Calibration of a fully coupled electromechanical meshless computational model of the heart with experimental data

Most electromechanical cardiac models available in the literature are based on the Finite Element Method (FEM). Despite FEM’s high accuracy, its performance is intrinsically dependent on the geometrical mesh quality onto which equations are discretized and solved. The construction and personalization of meshes representing the high complexity and inter-subject variability of anatomical structures such as the heart are often challenging and require tedious manual adjustments. Meshless methods are an interesting alternative to overcome meshing difficulties. The majority of meshless methods have been applied to simulate fluid dynamics problems but rarely in cardiac tissue electromechanics due to the lack of advanced numerical techniques to correct instabilities near the boundary conditions. In this paper, we propose a fully coupled model of cardiac electromechanics based on Total Lagrangian Smoothed Particle Hydrodynamics (TL-SPH).
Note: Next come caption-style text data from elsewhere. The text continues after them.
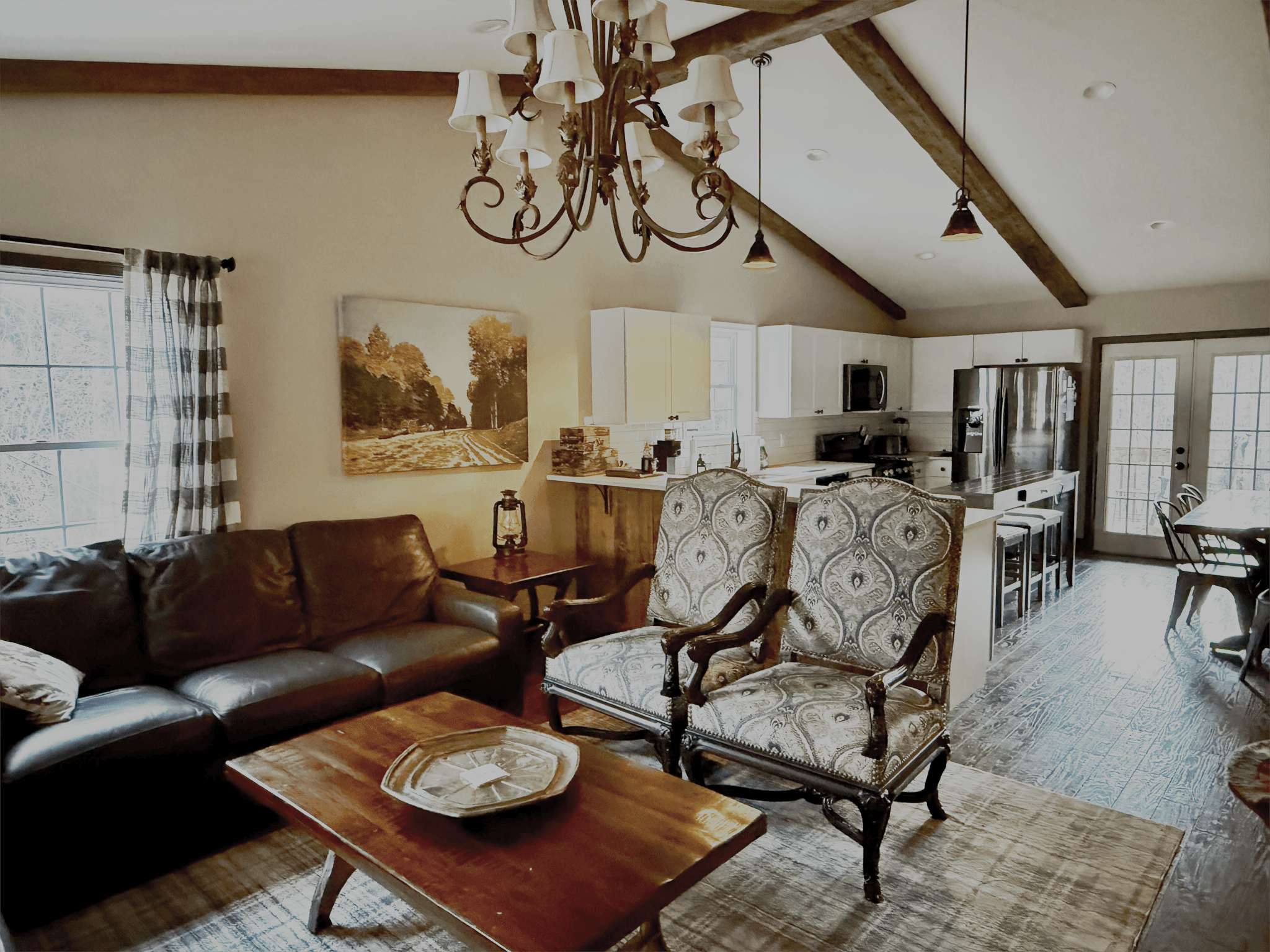 The expansive living room of Livingstone Great House featuring cathedral beamed ceilings, a stone fireplace, and large windows overlooking the North Carolina mountains.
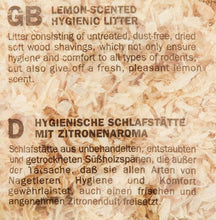 Lemon-scented hygienic litter text on wood shavings packaging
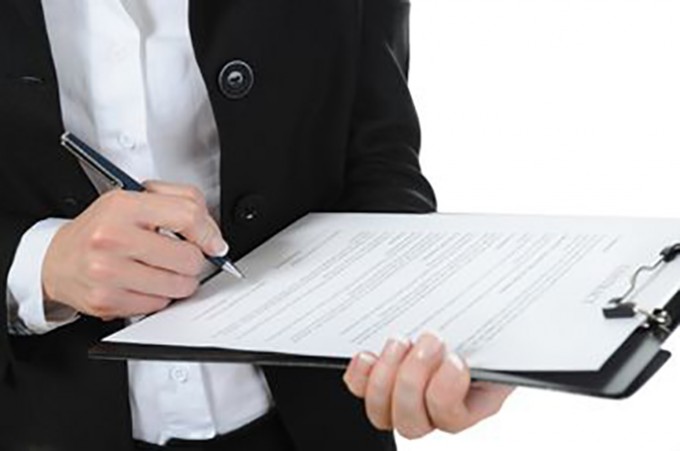 Woman is writing with a pen on the clipboard that she is holding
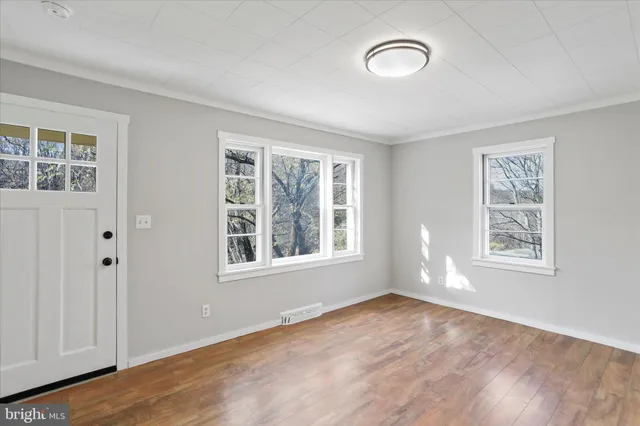 wooden floor in an empty room with a window
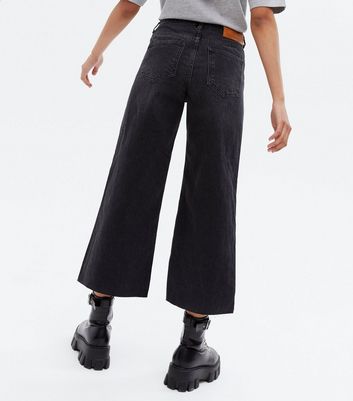 frayed hem black jeans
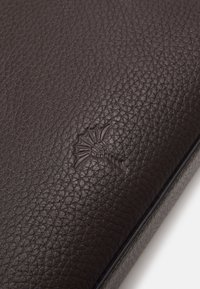 Portafoglio in pelle marrone scuro con una texture a granuli. Presenta un logo stampato, bordi lisci e un design minimalista.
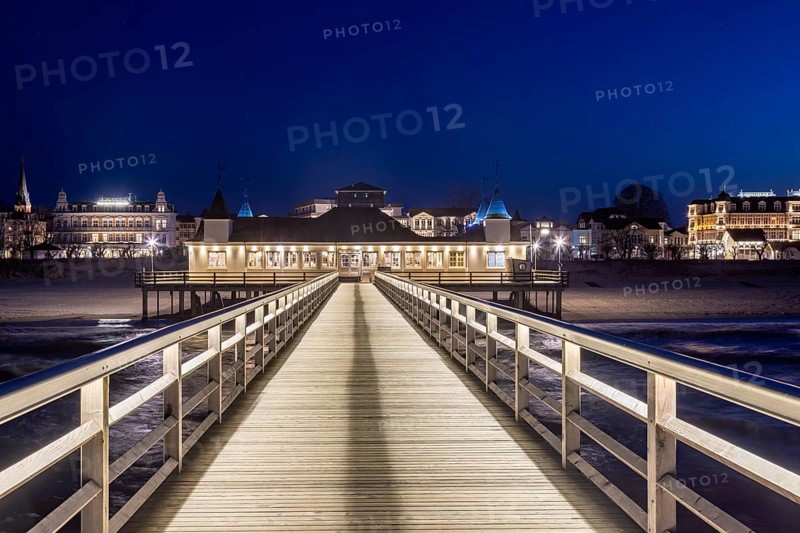 Restaurant on Ahlbeck Pier, Seebrücke Ahlbeck illuminated at dusk in the Baltic Sea on Usedom island, Mecklenburg-Vorpommern, oldest pier in Germany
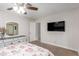 This bedroom features carpet, a TV, ceiling fan, mirrored closet, and modern dresser with decor at 2645 Heritage Ct, Las Vegas, NV 89121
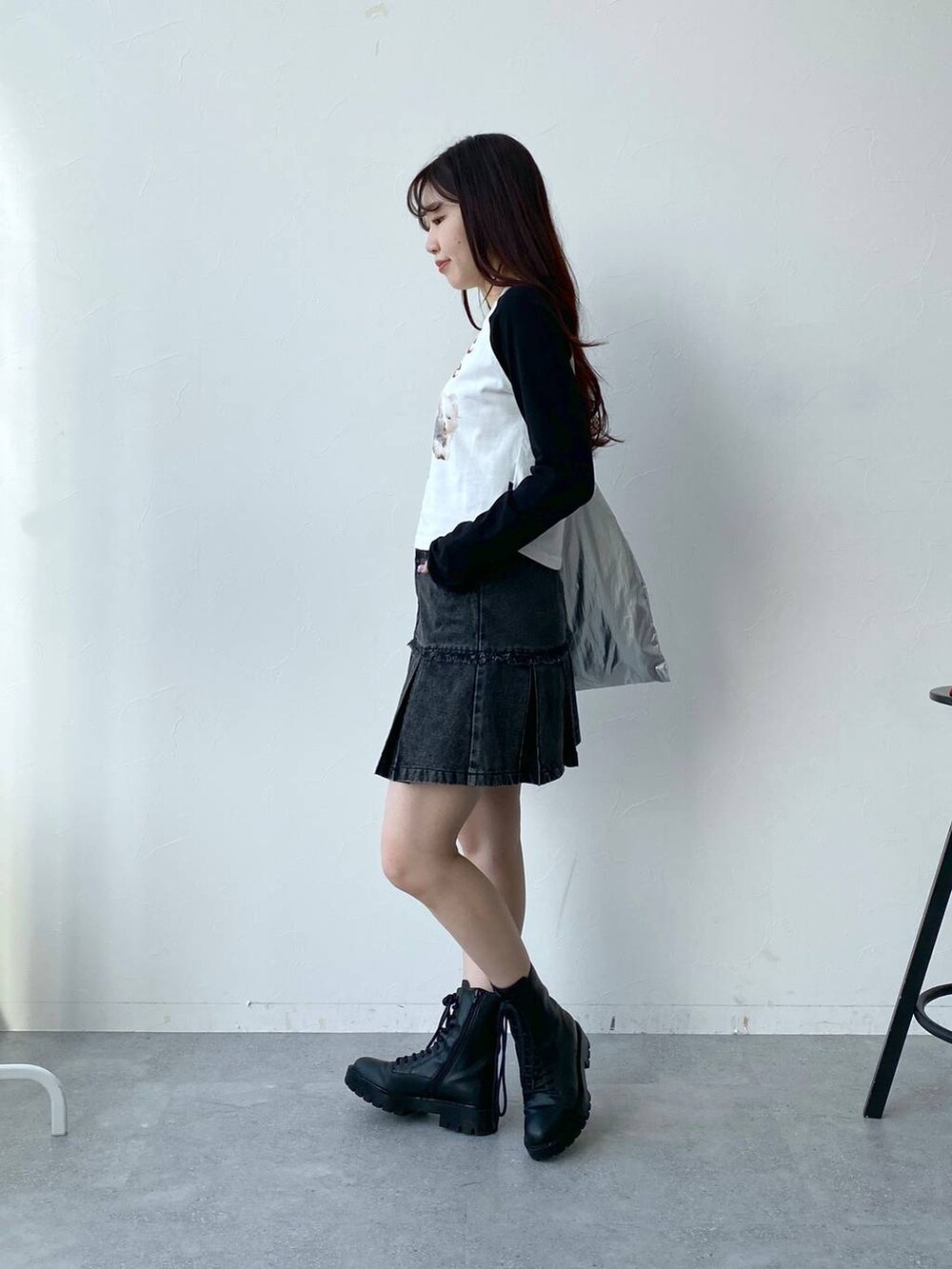 グレー系のトートバッグ、ホワイト系のTシャツ/カットソー、ブラック系のデニムスカートを着用したレディースの春コーディネートの3枚目の写真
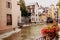 Annecy city water channel with red flowers and old buildings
A zero-dimensional (0D) circulation model of hemodynamics was coupled to the 3D electromechanical model, linking ventricular volume changes along the cardiac cycle with pressures exerted on the endocardial surface of the heart. For calibration purposes, the proposed TL-SPH model was personalized to minimally invasive in vivo pressure measurements and in vivo magnetic resonance imaging (MRI) data of the left ventricle (LV) of a canine heart. The parameters of the electromechanics and hemodynamics models were estimated to fit LV volumetric and displacement data from MRI and available pressure signals in two phases: first, passive parameters based on diastolic data minimizing point-based differences between simulations and measurements; and, subsequently without any pressure information, active contraction and hemodynamics parameters based on volumetric and pressure data over the entire cardiac cycle. The TL-SPH model was able to reproduce pressure, volumetric and morphological indices from experimental measurements with good accuracy: end systolic / diastolic errors of 0.29 / 0.46 % and 1.82 / 4.18 % for maximal volume and pressure measurements, respectively. As this was achieved without the burden of mesh generation, the obtained results support the use of meshless methods as a valid alternative to standard FEM for cardiac electromechanical modeling, especially to assimilate point-based cardiac medical data.